- Exercise brief:
Using the listing below, output only the lines from the one that contains "Van Kedisi, Kedi" through the one that contains "Immagine di una", inclusive, exactly as given and without images.

- Excerpted records:
-- Opening Marker --

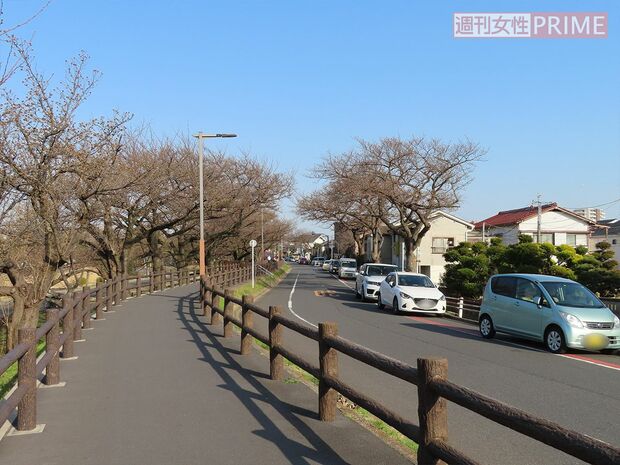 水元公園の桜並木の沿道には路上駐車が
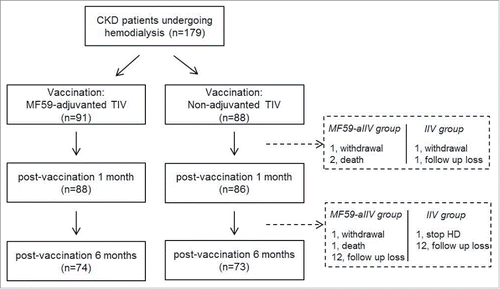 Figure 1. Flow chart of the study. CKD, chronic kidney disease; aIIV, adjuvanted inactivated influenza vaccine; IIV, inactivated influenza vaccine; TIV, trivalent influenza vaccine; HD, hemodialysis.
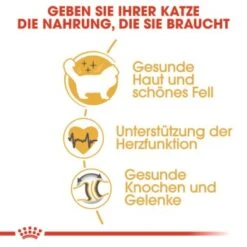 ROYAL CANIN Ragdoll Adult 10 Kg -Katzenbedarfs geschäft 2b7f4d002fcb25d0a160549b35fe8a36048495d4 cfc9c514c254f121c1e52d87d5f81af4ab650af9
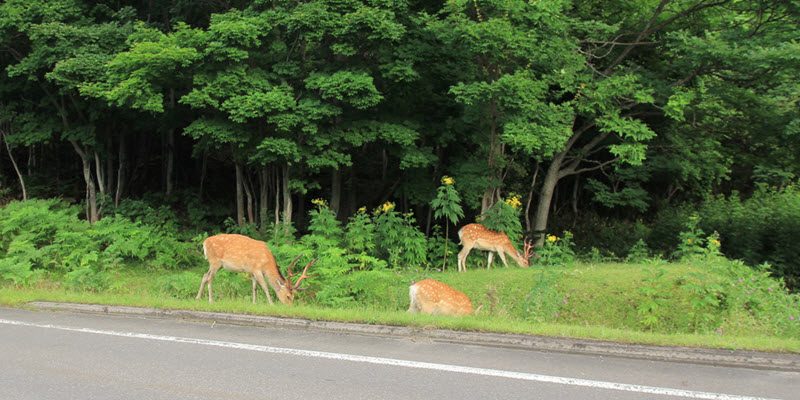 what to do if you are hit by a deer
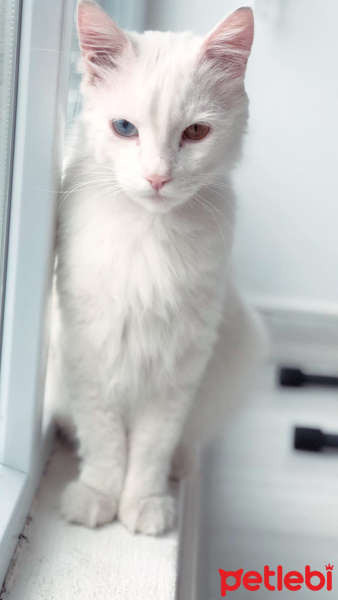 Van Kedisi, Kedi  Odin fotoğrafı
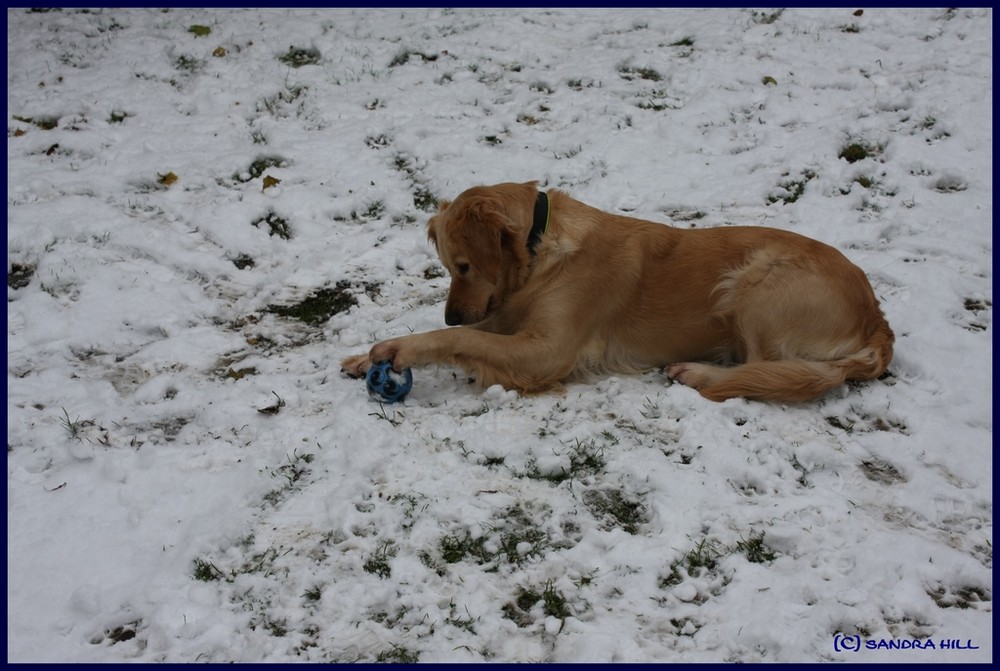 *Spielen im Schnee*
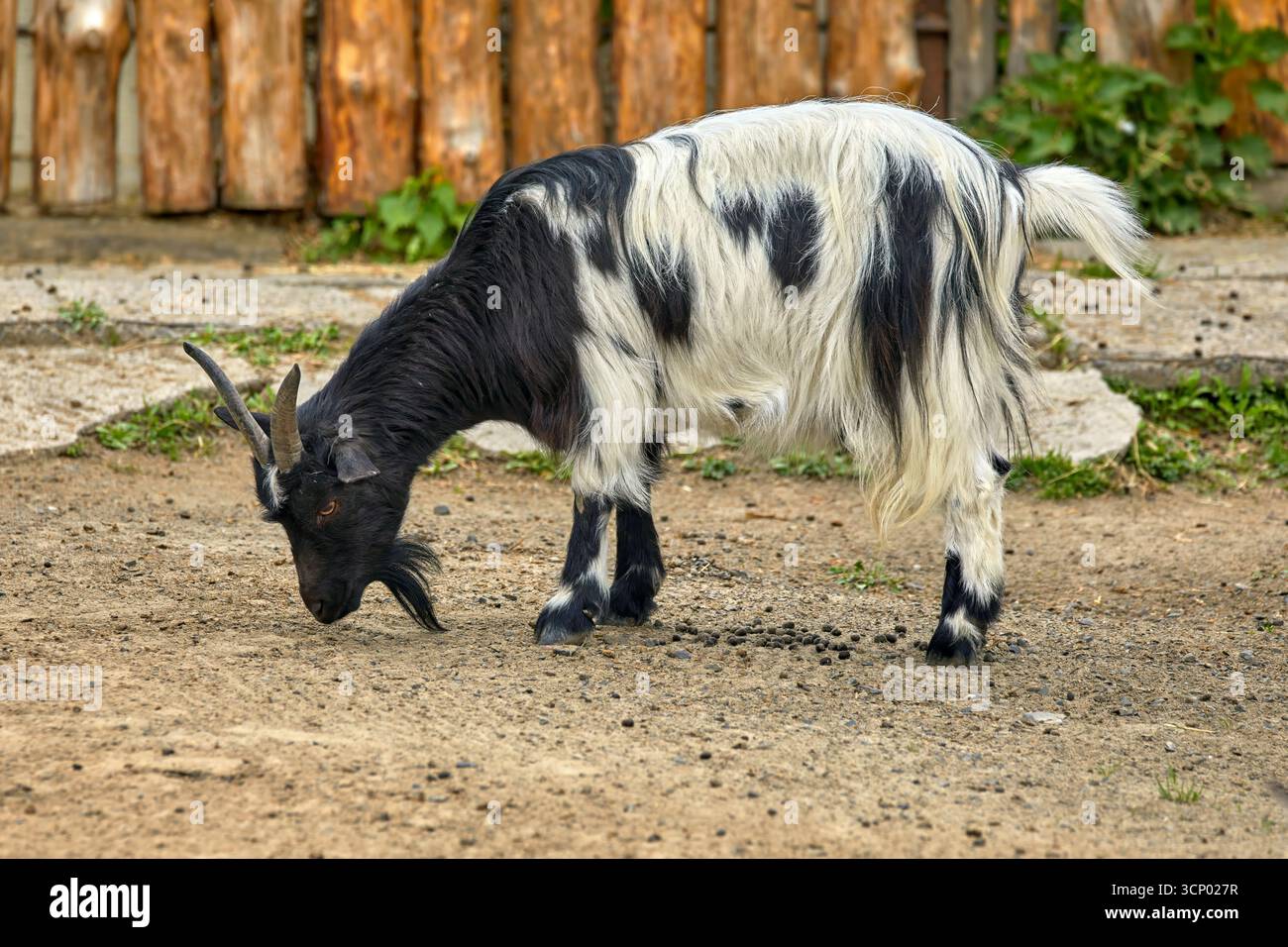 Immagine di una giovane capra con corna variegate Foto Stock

-- Closing Marker --
-- Opening Marker --

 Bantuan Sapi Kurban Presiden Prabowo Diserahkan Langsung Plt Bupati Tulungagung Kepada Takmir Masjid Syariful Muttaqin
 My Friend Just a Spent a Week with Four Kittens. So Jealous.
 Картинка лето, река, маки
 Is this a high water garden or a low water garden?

-- Closing Marker --
-- Opening Marker --

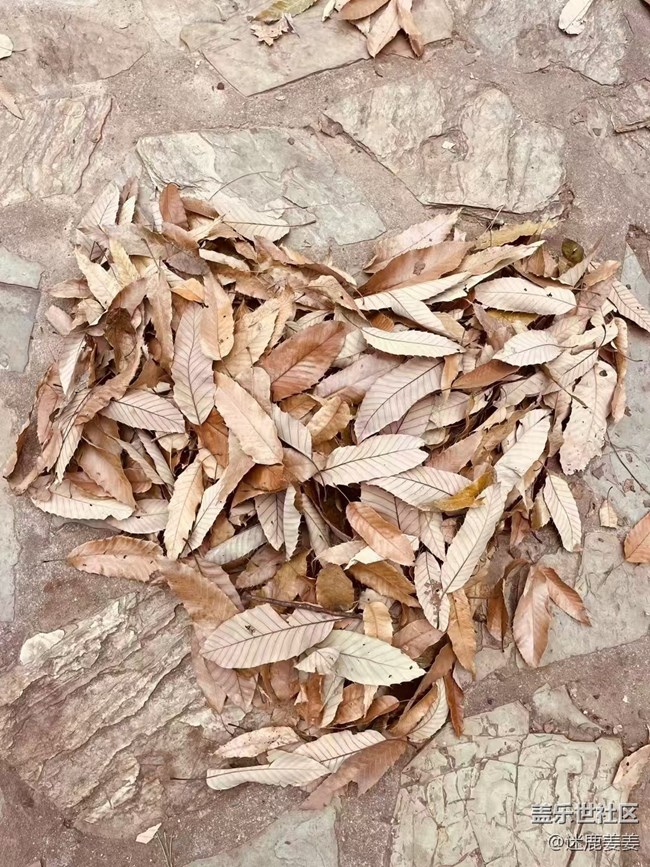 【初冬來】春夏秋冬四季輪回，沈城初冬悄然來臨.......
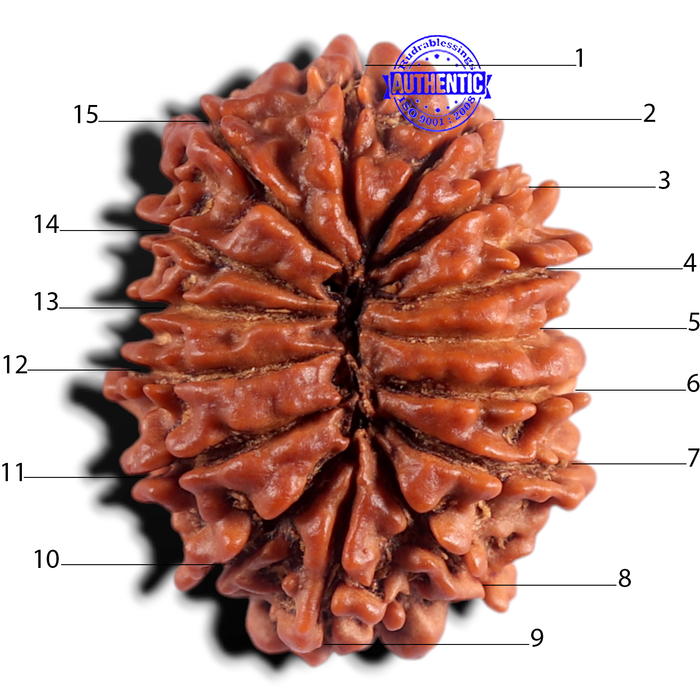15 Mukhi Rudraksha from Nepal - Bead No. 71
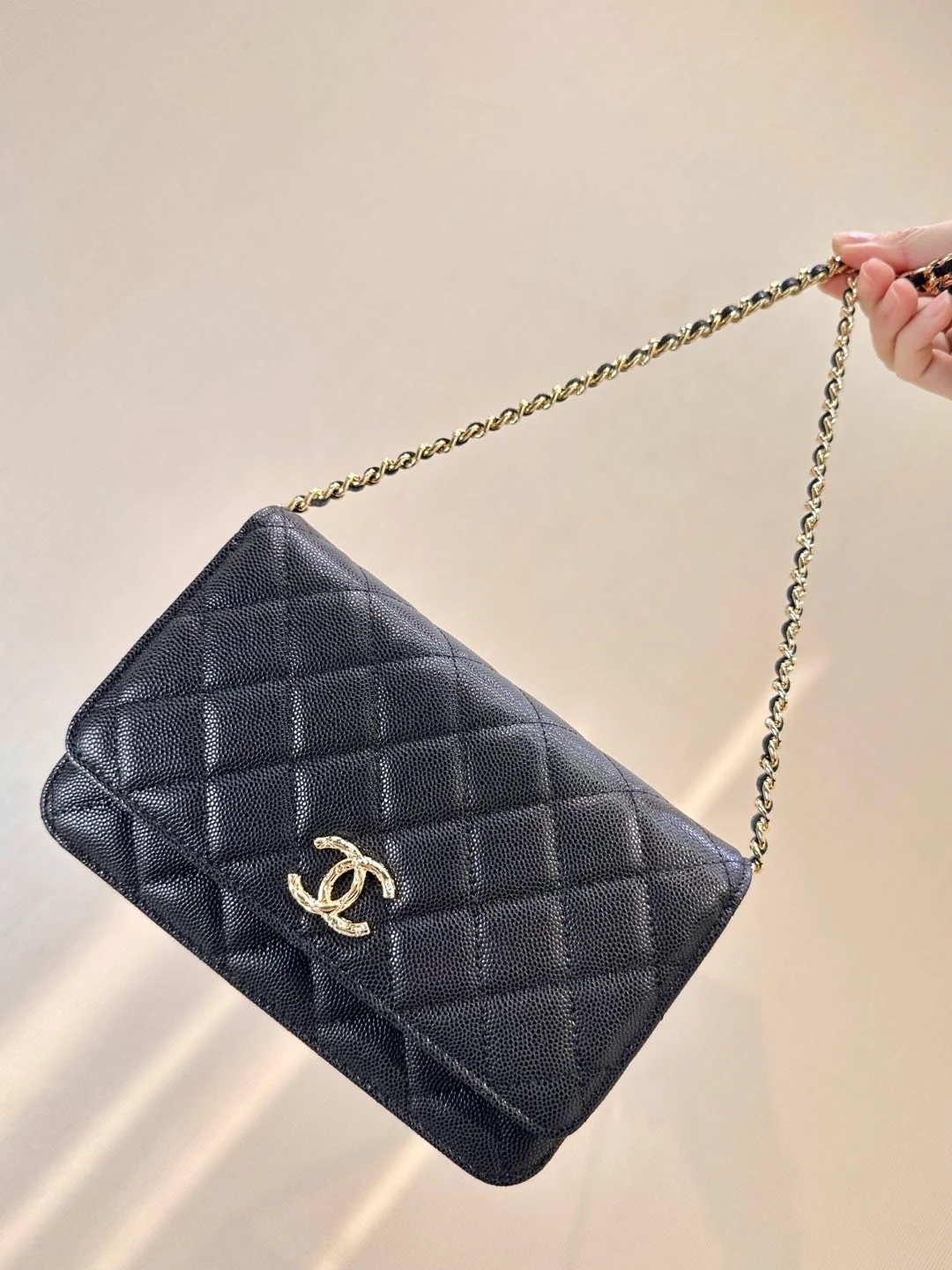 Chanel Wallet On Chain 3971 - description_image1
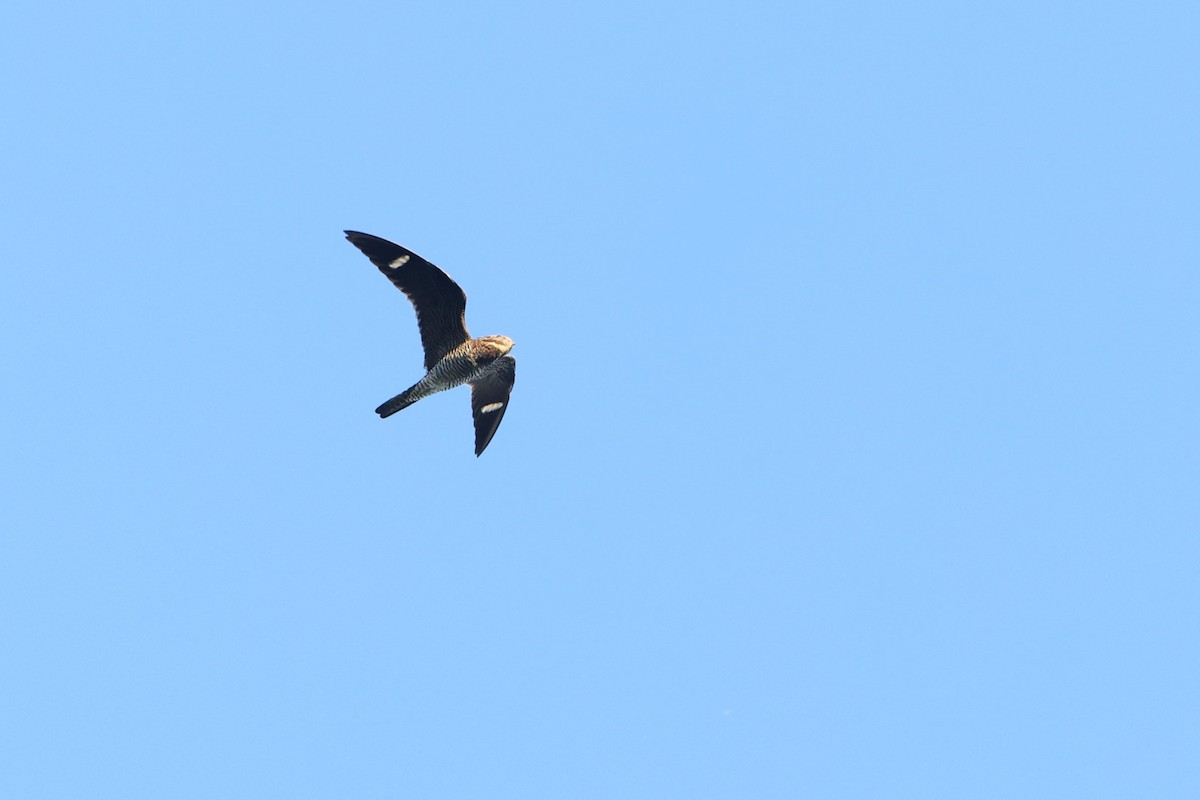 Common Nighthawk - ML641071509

-- Closing Marker --

- Task solution:
 Van Kedisi, Kedi  Odin fotoğrafı
 *Spielen im Schnee*
 Immagine di una giovane capra con corna variegate Foto Stock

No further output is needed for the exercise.